記録作成等の措置を講ずべき無形の民俗文化財

 これは宮崎県の山間部に位置する諸塚村【もろつかそん】の南川【みなみかわ】、戸下【とした】、桂【かつら】の各集落に伝承される神楽で、地域ごとに毎年冬期に演じられている。南川【みなみかわ】と戸下【とした】では、例年夜を徹して三十数番を演じ、一〇年に一回ほどの、例えば神社社殿の修復完成など地域の節目となるような年には、特に大神楽として五十番近くを演じる。桂【かつら】は、戦後戸数が激減し例年の神楽で演じられるのは四、五演目であるが、近年行われた大神楽では二十演目ほどを上演している。

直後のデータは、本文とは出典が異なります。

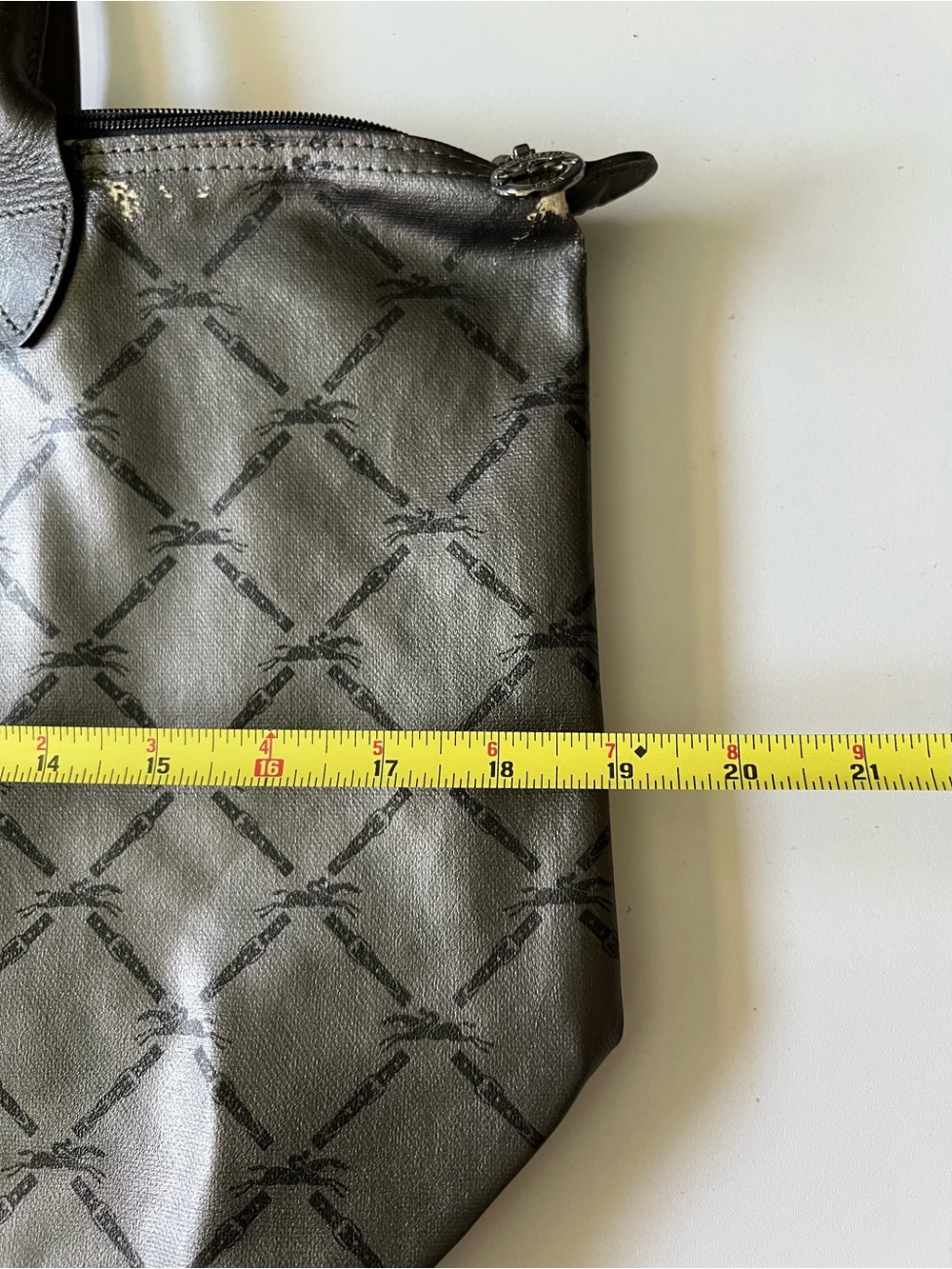 Longchamp Le Pliage LM Pewter Large - Picture 9 of 15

 神楽の前日には、神楽宿【やど】に接して、その屋外に張り出すように御神屋【みこうや】(神高屋【みこうや】・御高屋【みこうや】とも)を設け神楽を舞う場とする。これは仮の宮ともよばれ、四方吹き抜けの小屋に床を張ったもので、四方の柱、垂木【たるき】などは椎【しい】の木を用い、切妻【きりづま】の屋根は青竹で葺き、正面奥に供物を供える棚を構え、その外側には親注連竹【おやしめだけ】とよばれる青竹を地上から立て、笹がついた先が屋根の上に出るように固定している。なお近年桂【かつら】では、神社境内の神楽殿を神楽の場とし、その外部に接して供物の棚と親注連竹などの部分を特別に構える。

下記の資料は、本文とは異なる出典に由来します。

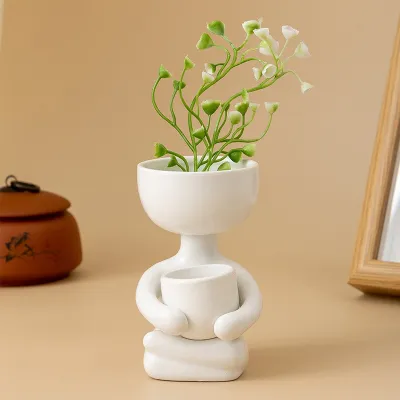 Unique Vase Ornaments Decorative Vase For Home Vase Ornaments Modern Minimalist Vase Beanie Mini Vase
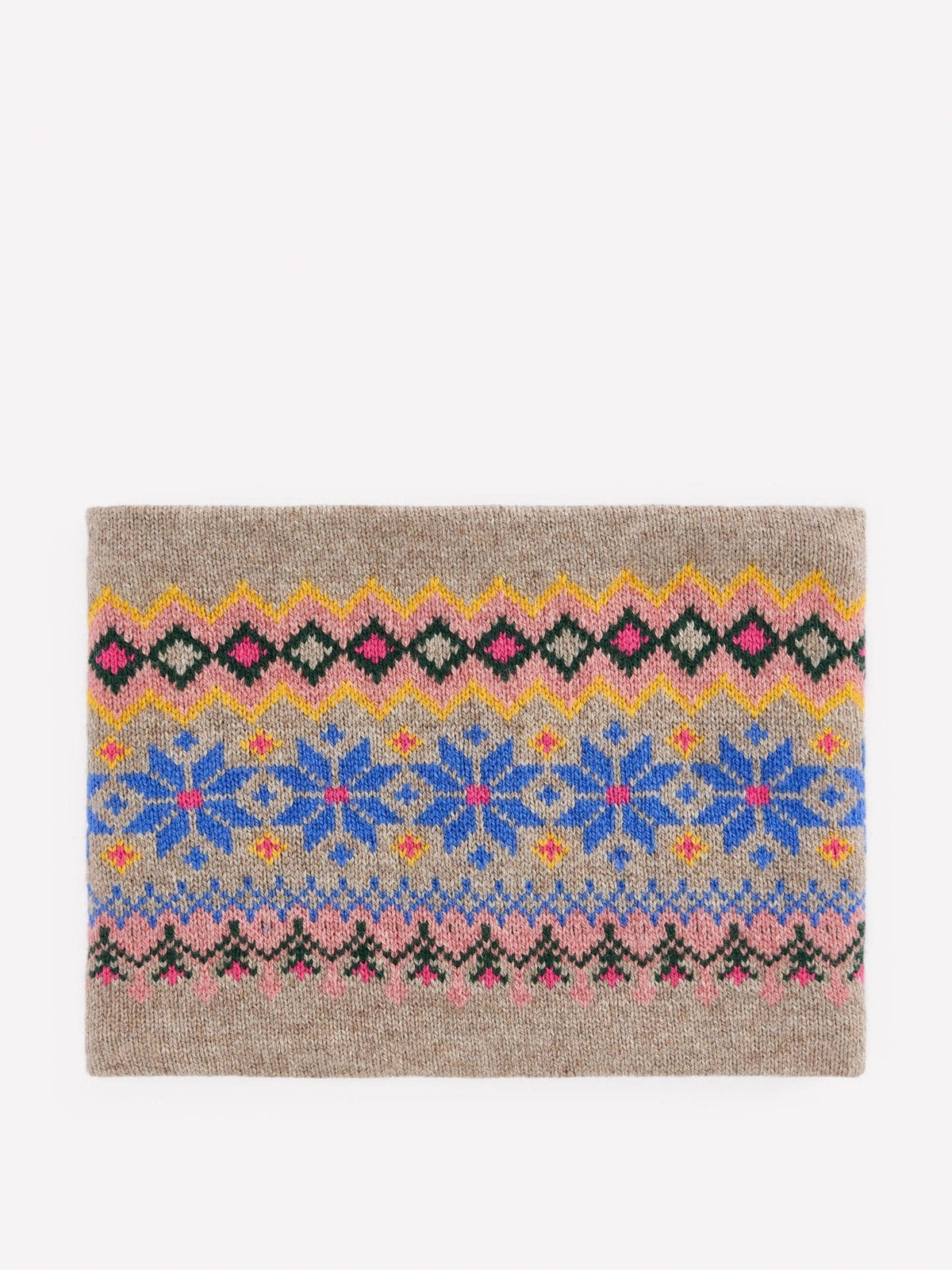 Boden Pink Fair Isle Snood - image 1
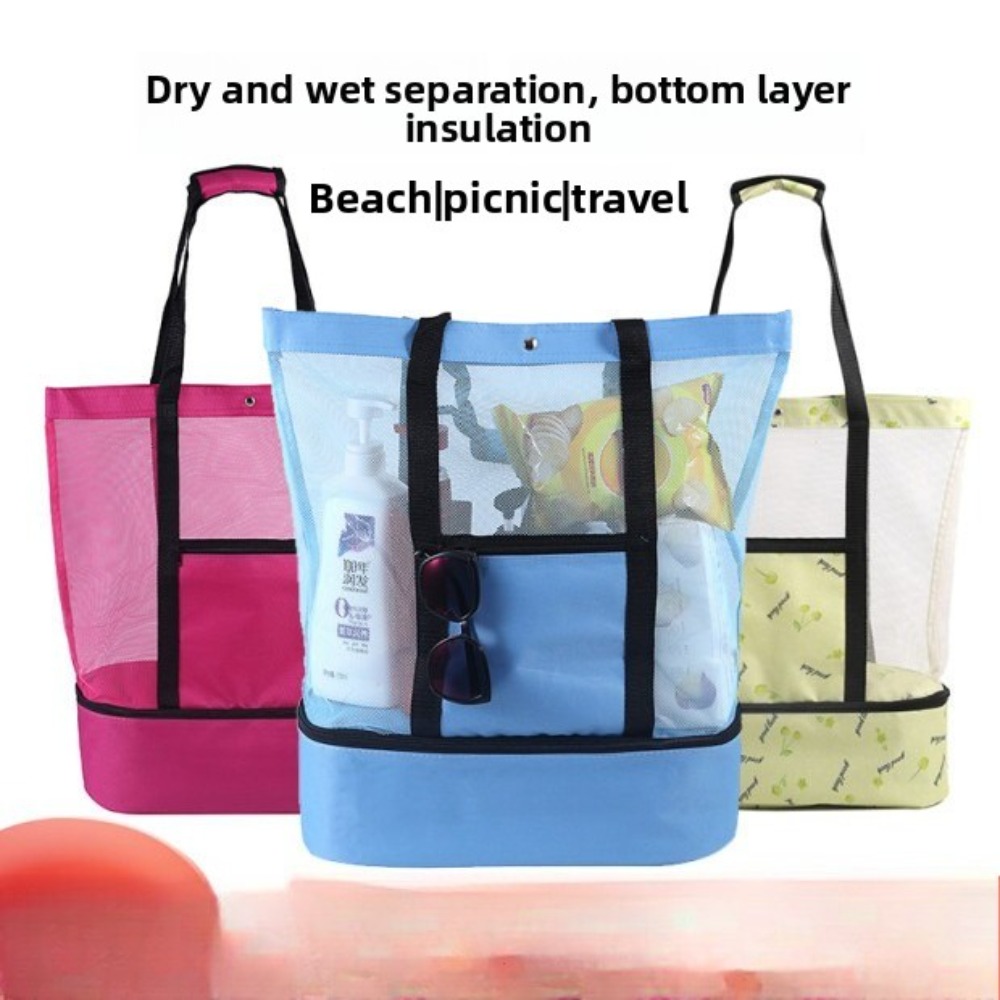 多機能サーマルクーラーバッグ 1個 ピクニック、キャンプ、ビ - Tote Bag Beach のレビューと価格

 当日は、まず神社から御神屋まで、神面を付け、それぞれの神となって行列して練り込み、御神屋に着座した後に所定の神の舞を演じる「舞【ま】い入【い】れ」を省略せずに伝え、南川【みなみかわ】と戸下【とした】では神楽宿とは別に、来客などを接待するための脇宿【わきやど】を備えるなど、御神屋を構えることとともに古風を伝えている。また神楽の唱えの文書記録や、神楽面、舞衣など江戸時代からの神楽関係資料が伝わっており、さらに戸下で演じられる「山守【やまもり】」という演目は、山の神信仰や狩猟儀礼、焼畑文化との関連で注目されるなど、芸能の変遷の過程、さらに地域的特色を示す重要なものである。